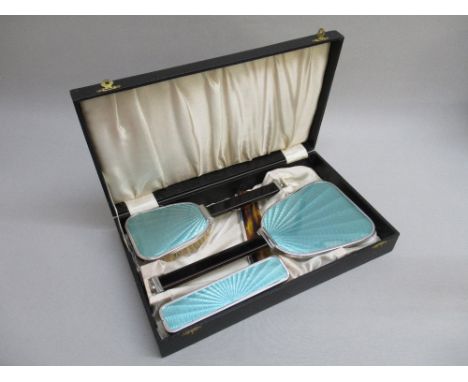 A 1920's CHROME AND GUILLOCHE ENAMEL STYLED DRESSING TABLE SET COMPRISING HAND MIRROR, HAIRBRUSH, CLOTHES BRUSH AND A LATER C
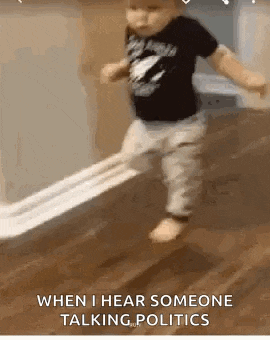 a baby is walking across a wooden floor while holding a roll of toilet paper .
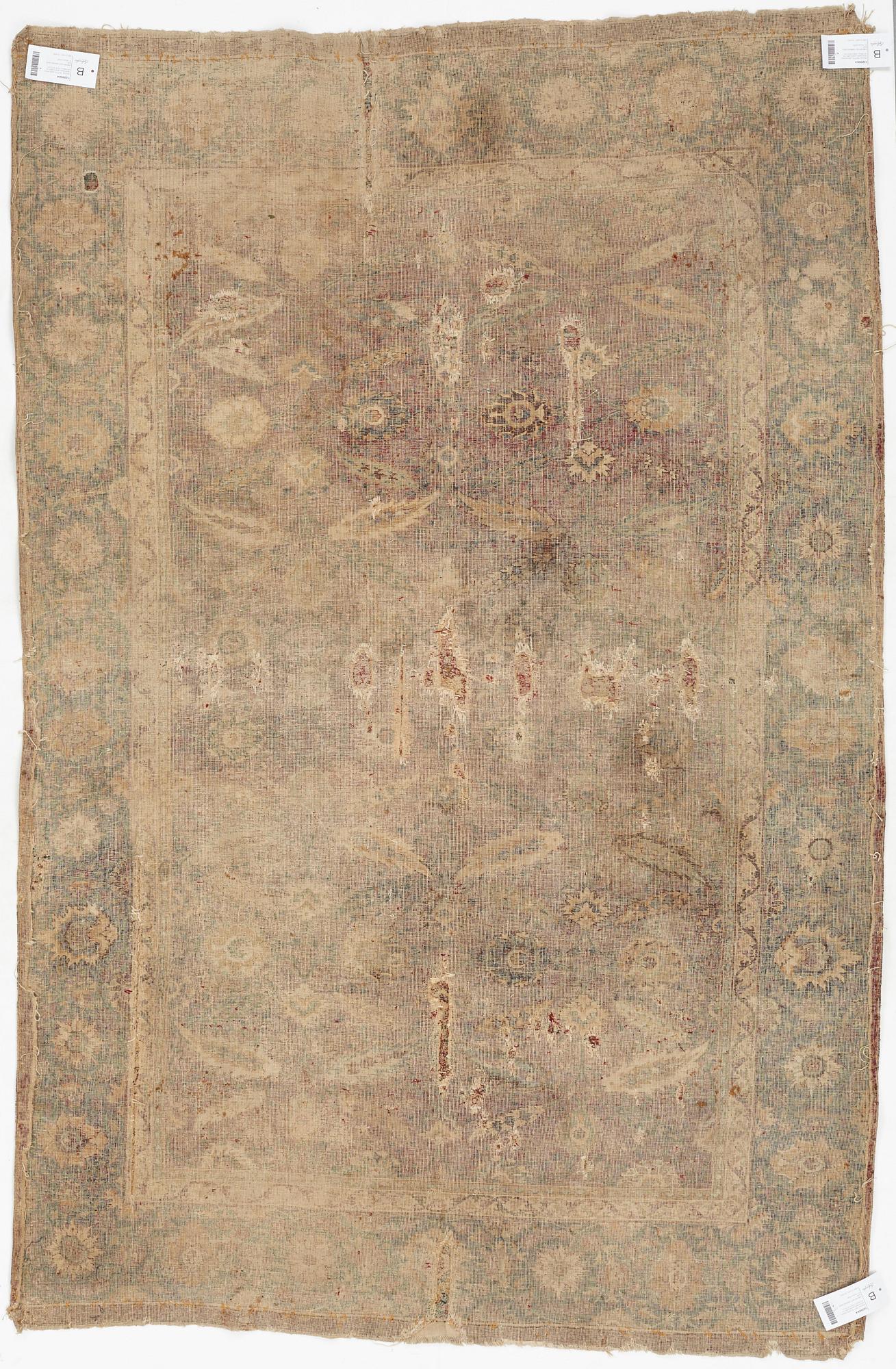 MATTO, A MUGHAL RUG, an antique Indian, the second half of the 17th century, ca 191-198,5 x 126,5-127,5 cm.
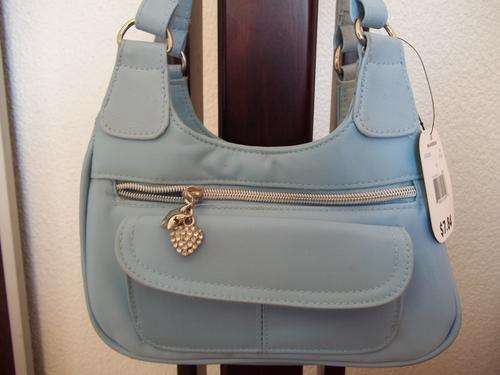 **Gorgeous ladies casual hand bag in BABY BLUE. Trendy and fashionable. A great Buy!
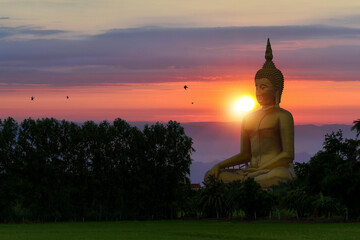 Large golden Buddha statue in Wat Muang, Ang Thong Province, Thailand, against a sunset or sunrise backdrop.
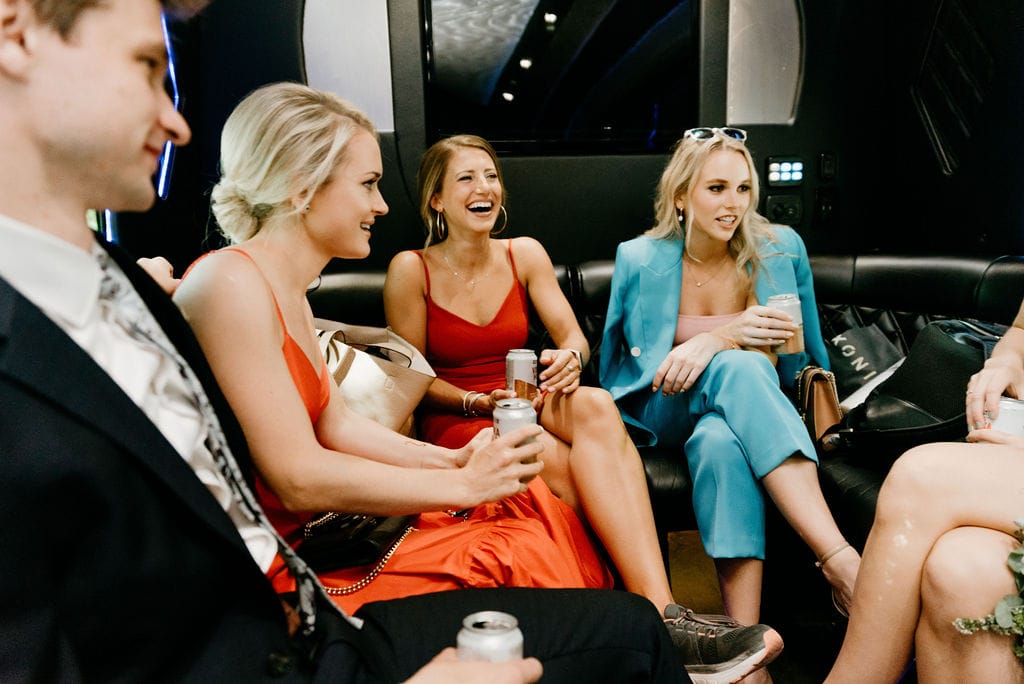 Friends on a party bus on the way to their Boulder Colorado Elopement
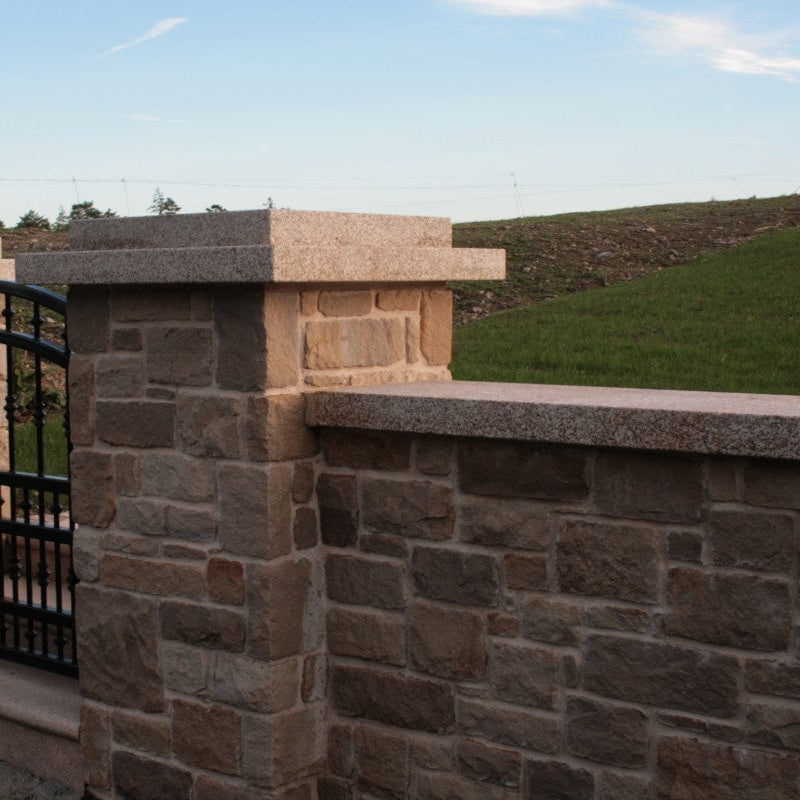 Stone wall with Gold Granite Wall Capping and a metal gate in a landscape setting.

-------

Problem to solve – Write out again exactly the lines above from the one with "A great Buy!" through the one with "Friends on a", adding no other lines and no pictures.

Written answer –
 **Gorgeous ladies casual hand bag in BABY BLUE. Trendy and fashionable. A great Buy!
 Large golden Buddha statue in Wat Muang, Ang Thong Province, Thailand, against a sunset or sunrise backdrop.
 Friends on a party bus on the way to their Boulder Colorado Elopement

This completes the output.